- Prof. Jean Dreze
Quite likely, someone will be knocking at your door a few weeks from now and asking for your fingerprints. If you agree, your fingerprints will enter a national database, along with personal characteristics (age, sex, occupation, and so on) that have already been collected from you, unless you were missed in the “Census household listing” earlier this year.
The purpose of this exercise is to build the National Population Register (NPR). In due course, your UID (Unique Identity Number, or “Aadhaar”) will be added to it. This will make it possible to link the NPR with other Aadhaar-enabled databases, from tax returns to bank records and SIM registers. This includes the Home Ministry’s NATGRID, smoothly linking 21 national databases.
For intelligence agencies, this is a dream. Imagine, everyone’s fingerprints at the click of a mouse, that too with demographic information and all the rest! Should any suspicious person book a flight, or use a cybercafé, or any of the services that will soon require an Aadhaar number, she will be on their radar. If, say, Arundhati Roy makes another trip to Dantewada, she will be picked up on arrival like a ripe plum. Fantastic!

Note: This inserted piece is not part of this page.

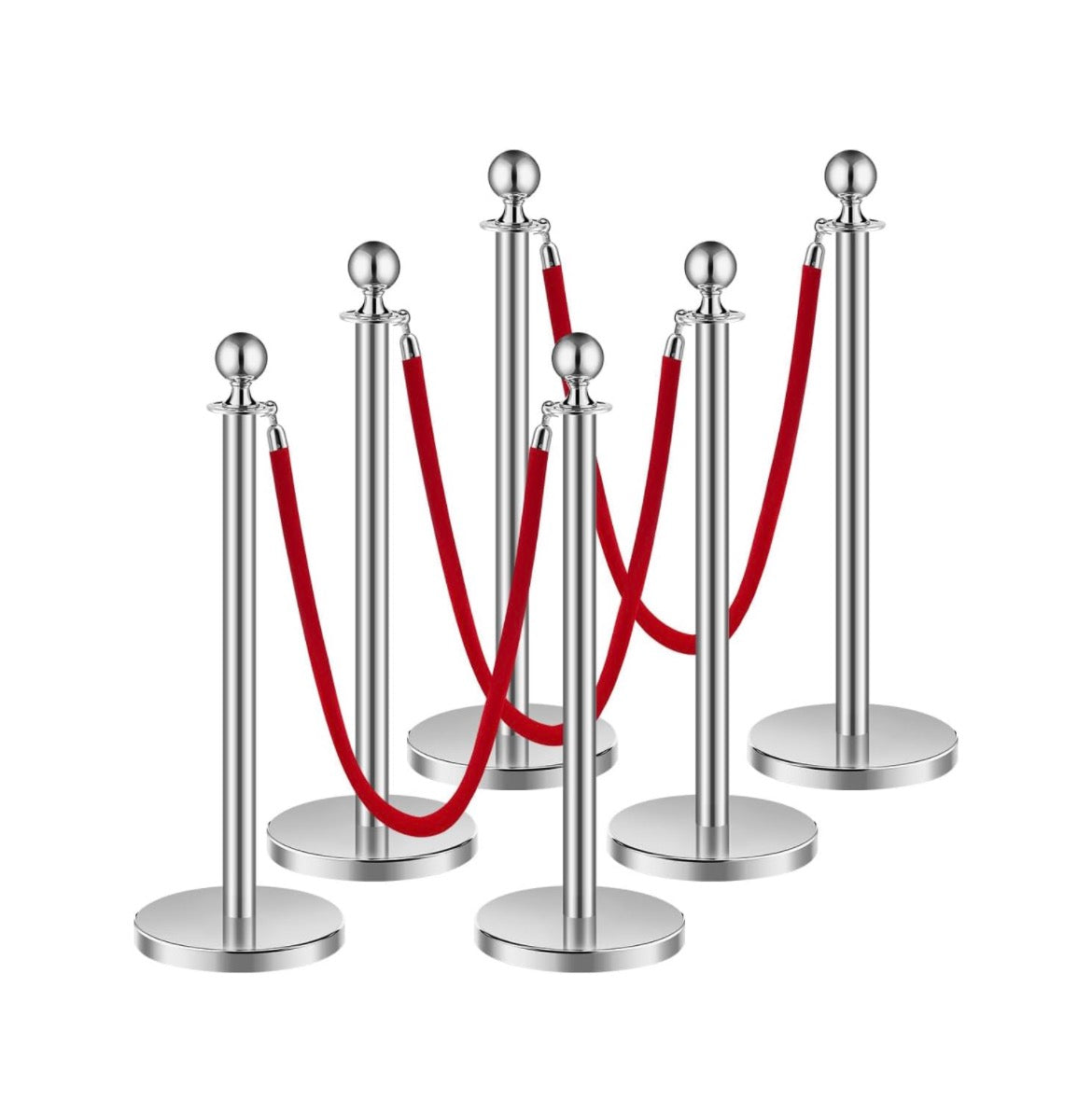 Velvet Rope Barrier (Red Rope / Silver Pole) - 6pcs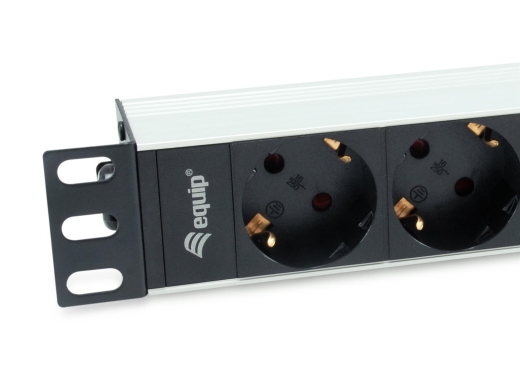 Equip 10 Steckdosenleiste 4xSchuko->St.90° si. Alu.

So, when the Unique Identification Authority of India (UIDAI) tells us that the UID data (the “Central Identities Data Repository”) will be safe and confidential, it is a half-truth. The confidentiality of the Repository itself is not a minor issue, considering that UIDAI can authorize “any entity” to maintain it, and that it can be accessed not only by intelligence agencies but also by any Ministry. But more importantly, the UID will help to integrate vast amounts of personal data, available to government agencies with few restrictions.